Netanyahu’s people called opposition figures to see which way the wind was blowing. One of the MKs who got such a call was surprised to discover the depth of the insensitivity and the height of the arrogance on the other end of the line. He found that even at the peak of the protest and the abandonment of the chamber by the opposition this week – the Prime Minister’s Bureau had not yet grasped the intensity of the hatred the Haredi and Arab parties feel for Netanyahu.
“They are used to buying off the Haredim and the Arabs,” the opposition figure related. “Funds for a yeshiva here, the installation of an electric pole or traffic lights in Taibeh, and it’s all set. I made it clear to them that this time it’s different, that their loathing for Bibi has reached incomprehensible and historic dimensions. Never mind political implications: It could trickle down to the street and end badly.”
On Wednesday, just hours before Cameron’s arrival at the Knesset, all the leaders of the opposition factions met for the umpteenth time. MK Moshe Gafni (UTJ) entered the room looking distraught. “I feel more comfortable sitting here with an Arab MK than with Netanyahu in the chamber,” he said.
Gafni is one of those who met with the premier in recent months and heard him utter unequivocally that he would never lend a hand to the criminal sanctions clause in the new conscription law. That as long as he was prime minister, Torah study would not be a criminal offense. But after Lapid threatened to resign, he broke his word.
Under Herzog’s pressure, the MKs at that meeting decided that each faction would behave as it saw fit in the session with Cameron. That constituted a retreat by Herzog from a previous decision he’d supported, according to which all 52 members of the opposition, including the 15 MKs from Labor, would walk out of the chamber demonstratively as soon as Netanyahu rose to speak, and would return when it came time for the opposition leader to talk.

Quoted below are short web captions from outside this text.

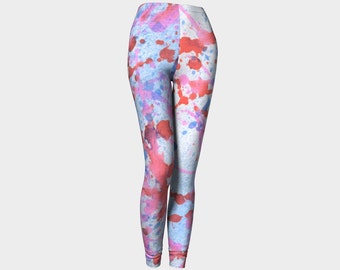 Leggings soft colors pastel workout apparel exercise by paperwerks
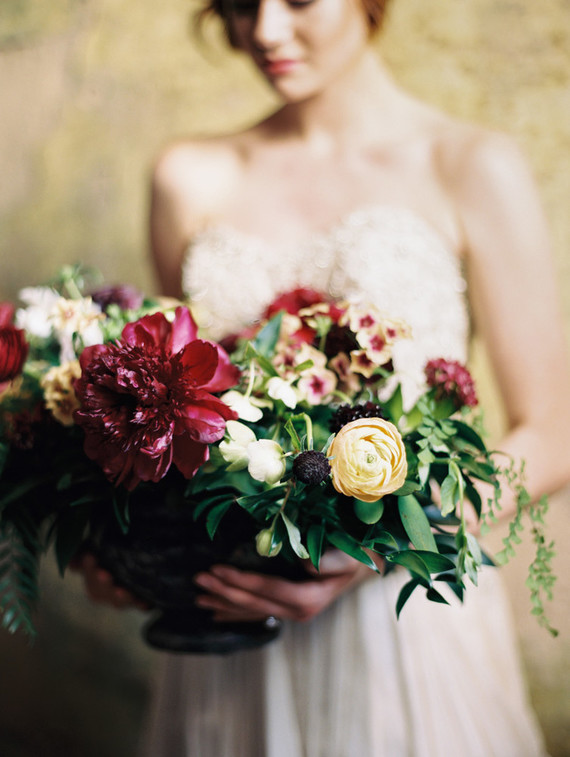 Fall bridal bouquet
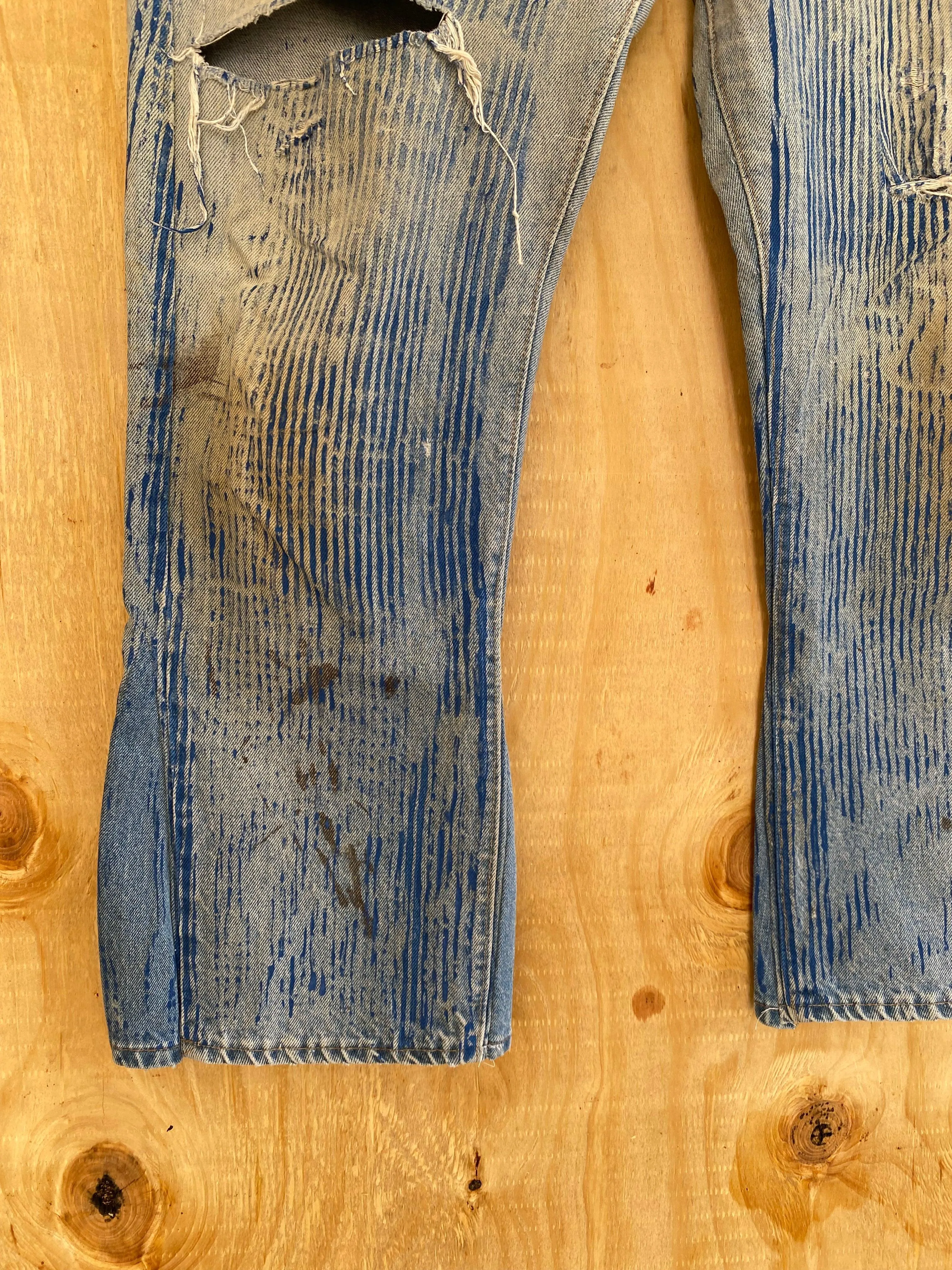 Hickory Striped Flared Denim | 40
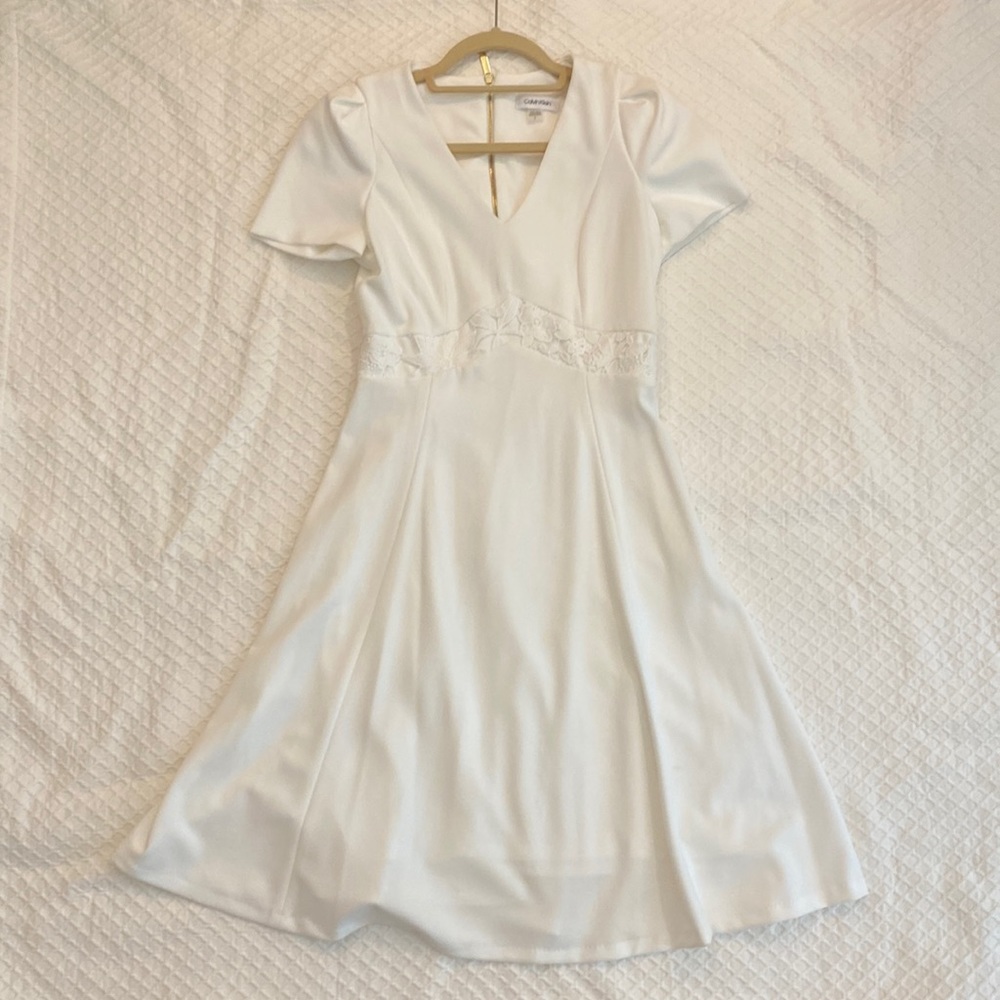 Calvin Klein White Dress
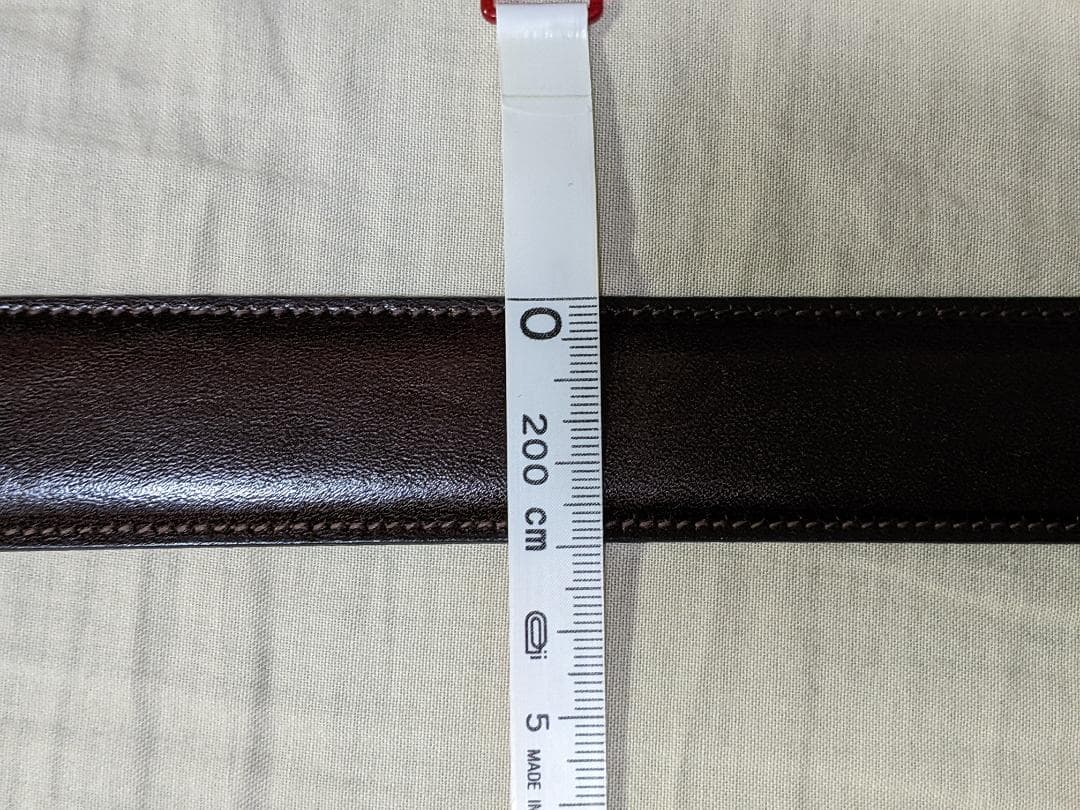 新品未使用 USA製 ブルックスブラザーズ レザー ドレスベルト ダークブラウン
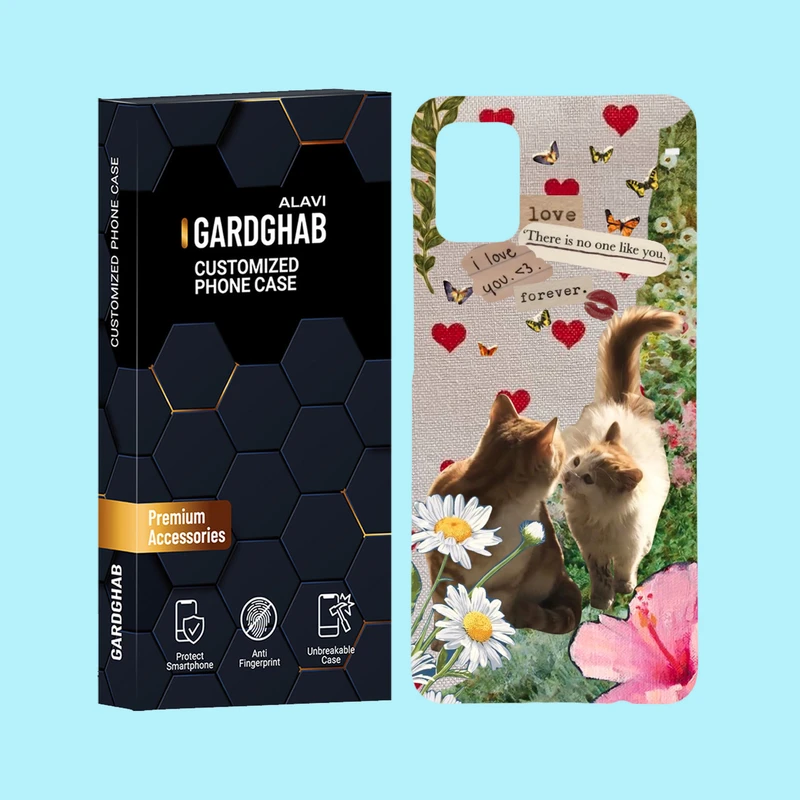 کاور گارد قاب علوی مدل عاشقانه مناسب برای گوشی موبایل سامسونگ Galaxy A51 4G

It’s hard to understand how he was even ready to consider such a shameful act, which runs contrary not only to the Labor Party’s ethos but also to the character of its leader. Fortunately for him, he cooled down and came to his senses at the last moment. Maybe Herzog’s predecessor as party leader, MK Shelly Yacimovich, contributed to his change of heart. Interviewed on Channel 2 News on Tuesday, she stated unequivocally that she could not conceive of her party behaving in a way that would embarrass Cameron.
This was the first time Yacimovich spoke out publicly against the person who defeated her for the party leadership last September. She steeled him. He got the message and acted accordingly.
In the end, it was the seven MKs of UTJ who left and later returned. The Arab MKs boycotted the entire event. The members of Labor and Meretz displayed honorable behavior by choosing to remain in the session from start to finish. That respectability was breached only by the screams of two Meretz MKs, Issawi Freij and Michal Rosin, which undoubtedly made Cameron wonder what the hawkers in the marketplace must sound like if this is how members of parliament express themselves.